### WHAT IS NEEDED
Exactly the lines from the one containing "3z089 CHINATOWN signed" through the one containing "Abacus with multicolored beads Stock Photos" in the listing below are to be copied, with the pictures left out.

### MATERIALS PROVIDED
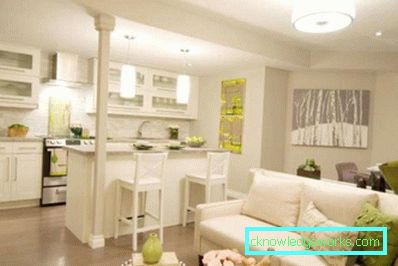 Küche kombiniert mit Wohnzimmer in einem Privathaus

...

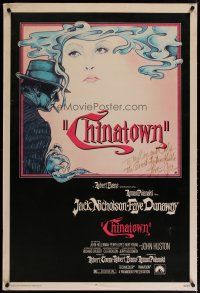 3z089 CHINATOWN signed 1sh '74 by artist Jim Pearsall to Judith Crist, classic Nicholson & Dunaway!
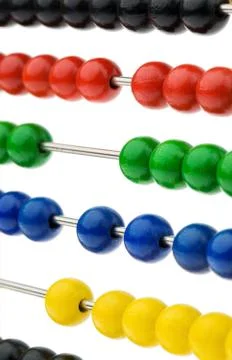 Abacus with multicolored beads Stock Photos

### RESULT FOR THIS TASK
 3z089 CHINATOWN signed 1sh '74 by artist Jim Pearsall to Judith Crist, classic Nicholson & Dunaway!
 Abacus with multicolored beads Stock Photos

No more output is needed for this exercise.